## Try it
All that is wanted is how many lines in the records below include the string "Size".

Saved entries
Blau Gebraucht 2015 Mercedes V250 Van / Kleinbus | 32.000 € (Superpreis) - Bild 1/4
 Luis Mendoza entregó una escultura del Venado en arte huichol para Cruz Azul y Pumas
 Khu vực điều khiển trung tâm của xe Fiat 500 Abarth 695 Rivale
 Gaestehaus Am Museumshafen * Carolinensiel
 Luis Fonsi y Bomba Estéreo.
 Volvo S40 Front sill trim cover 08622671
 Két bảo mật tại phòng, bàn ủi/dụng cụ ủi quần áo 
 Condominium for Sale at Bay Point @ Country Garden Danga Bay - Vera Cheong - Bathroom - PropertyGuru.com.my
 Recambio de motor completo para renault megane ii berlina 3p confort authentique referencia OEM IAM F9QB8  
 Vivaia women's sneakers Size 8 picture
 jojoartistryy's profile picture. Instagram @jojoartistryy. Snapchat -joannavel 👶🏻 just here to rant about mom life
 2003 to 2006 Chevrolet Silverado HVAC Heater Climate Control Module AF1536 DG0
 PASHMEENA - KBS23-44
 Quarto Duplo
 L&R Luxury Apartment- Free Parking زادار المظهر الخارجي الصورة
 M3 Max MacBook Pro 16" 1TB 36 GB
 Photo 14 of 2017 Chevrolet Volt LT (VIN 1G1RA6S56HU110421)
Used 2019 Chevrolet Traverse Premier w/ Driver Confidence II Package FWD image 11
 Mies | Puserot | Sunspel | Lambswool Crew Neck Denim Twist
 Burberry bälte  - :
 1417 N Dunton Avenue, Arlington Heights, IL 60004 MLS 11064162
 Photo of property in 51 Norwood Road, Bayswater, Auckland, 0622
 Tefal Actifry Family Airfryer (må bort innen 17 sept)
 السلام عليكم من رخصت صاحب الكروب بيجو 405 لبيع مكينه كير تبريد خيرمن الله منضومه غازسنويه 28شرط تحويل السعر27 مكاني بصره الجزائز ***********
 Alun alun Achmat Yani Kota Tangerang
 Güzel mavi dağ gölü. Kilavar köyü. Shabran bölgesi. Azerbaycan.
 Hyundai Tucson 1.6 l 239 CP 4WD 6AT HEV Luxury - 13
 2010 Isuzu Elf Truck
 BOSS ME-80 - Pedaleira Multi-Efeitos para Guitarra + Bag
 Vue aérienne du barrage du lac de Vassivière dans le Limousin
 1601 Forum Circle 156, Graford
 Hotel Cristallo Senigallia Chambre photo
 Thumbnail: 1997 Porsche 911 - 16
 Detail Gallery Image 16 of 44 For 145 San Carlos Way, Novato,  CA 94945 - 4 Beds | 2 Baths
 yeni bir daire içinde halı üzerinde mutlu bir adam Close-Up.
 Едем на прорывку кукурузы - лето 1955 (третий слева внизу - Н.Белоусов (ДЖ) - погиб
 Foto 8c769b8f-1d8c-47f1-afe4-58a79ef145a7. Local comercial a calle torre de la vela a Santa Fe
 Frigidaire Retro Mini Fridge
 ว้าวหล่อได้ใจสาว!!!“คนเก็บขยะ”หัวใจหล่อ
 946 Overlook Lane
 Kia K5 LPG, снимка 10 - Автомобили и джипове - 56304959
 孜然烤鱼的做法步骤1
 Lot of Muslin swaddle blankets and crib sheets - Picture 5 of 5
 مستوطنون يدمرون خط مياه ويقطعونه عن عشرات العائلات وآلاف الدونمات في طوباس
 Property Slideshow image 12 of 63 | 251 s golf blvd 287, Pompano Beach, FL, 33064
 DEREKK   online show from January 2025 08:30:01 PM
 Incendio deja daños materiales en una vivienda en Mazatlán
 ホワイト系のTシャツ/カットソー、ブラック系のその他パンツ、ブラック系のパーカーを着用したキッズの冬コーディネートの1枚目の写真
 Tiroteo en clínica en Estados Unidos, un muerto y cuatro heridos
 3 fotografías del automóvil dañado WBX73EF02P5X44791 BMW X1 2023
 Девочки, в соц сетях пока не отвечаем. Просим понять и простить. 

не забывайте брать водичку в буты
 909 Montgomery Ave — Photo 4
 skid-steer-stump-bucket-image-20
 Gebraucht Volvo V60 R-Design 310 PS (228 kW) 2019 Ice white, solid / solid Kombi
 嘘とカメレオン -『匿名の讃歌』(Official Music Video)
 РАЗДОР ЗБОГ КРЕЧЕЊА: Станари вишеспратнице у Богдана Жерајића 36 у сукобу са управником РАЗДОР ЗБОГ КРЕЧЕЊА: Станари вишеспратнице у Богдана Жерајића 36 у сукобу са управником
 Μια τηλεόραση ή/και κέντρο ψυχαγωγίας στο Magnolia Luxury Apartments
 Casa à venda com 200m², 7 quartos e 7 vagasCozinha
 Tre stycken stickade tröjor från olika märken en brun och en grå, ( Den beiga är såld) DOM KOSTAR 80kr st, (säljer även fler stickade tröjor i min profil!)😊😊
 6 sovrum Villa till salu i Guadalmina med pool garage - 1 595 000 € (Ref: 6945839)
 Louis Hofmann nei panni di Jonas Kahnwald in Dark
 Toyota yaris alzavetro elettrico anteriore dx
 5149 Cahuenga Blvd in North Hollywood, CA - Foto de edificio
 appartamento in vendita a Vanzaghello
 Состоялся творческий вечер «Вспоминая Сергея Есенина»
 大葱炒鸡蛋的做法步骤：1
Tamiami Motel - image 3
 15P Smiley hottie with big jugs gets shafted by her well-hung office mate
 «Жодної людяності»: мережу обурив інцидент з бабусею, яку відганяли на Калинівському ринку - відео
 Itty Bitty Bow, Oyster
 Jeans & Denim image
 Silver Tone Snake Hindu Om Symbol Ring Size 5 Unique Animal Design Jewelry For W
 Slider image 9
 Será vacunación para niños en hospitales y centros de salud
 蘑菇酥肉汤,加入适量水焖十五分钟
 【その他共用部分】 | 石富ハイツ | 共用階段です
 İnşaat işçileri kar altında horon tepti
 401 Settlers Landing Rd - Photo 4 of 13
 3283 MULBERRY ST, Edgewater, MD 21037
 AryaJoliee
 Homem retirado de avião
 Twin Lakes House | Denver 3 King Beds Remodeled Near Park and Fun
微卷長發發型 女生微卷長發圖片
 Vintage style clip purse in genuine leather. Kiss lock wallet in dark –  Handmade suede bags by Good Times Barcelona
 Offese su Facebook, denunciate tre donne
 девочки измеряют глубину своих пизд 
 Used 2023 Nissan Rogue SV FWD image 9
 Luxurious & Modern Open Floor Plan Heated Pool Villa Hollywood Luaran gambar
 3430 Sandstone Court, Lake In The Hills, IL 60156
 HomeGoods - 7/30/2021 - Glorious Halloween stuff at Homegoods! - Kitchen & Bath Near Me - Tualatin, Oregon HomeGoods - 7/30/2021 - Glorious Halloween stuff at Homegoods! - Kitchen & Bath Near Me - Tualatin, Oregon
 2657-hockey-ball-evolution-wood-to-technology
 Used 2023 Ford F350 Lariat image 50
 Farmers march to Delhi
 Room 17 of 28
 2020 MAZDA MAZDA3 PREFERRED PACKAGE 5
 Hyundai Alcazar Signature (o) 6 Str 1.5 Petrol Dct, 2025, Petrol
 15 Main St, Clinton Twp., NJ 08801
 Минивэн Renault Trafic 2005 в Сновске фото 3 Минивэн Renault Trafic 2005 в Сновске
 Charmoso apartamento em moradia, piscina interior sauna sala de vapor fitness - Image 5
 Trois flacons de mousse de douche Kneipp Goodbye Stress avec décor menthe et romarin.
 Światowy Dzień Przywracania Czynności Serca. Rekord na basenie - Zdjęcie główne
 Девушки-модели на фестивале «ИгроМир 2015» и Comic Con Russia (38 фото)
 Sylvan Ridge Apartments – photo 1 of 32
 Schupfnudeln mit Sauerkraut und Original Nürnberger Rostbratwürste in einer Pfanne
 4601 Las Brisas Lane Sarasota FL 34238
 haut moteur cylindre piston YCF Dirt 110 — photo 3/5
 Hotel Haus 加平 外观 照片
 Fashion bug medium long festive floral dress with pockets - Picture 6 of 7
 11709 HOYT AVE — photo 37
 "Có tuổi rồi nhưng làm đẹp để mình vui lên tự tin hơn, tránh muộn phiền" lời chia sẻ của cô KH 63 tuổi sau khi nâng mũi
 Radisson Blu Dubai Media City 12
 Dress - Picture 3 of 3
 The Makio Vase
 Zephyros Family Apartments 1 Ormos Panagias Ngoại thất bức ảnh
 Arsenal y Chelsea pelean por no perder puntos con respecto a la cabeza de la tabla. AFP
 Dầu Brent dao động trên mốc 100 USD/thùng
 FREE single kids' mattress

## Completed task
2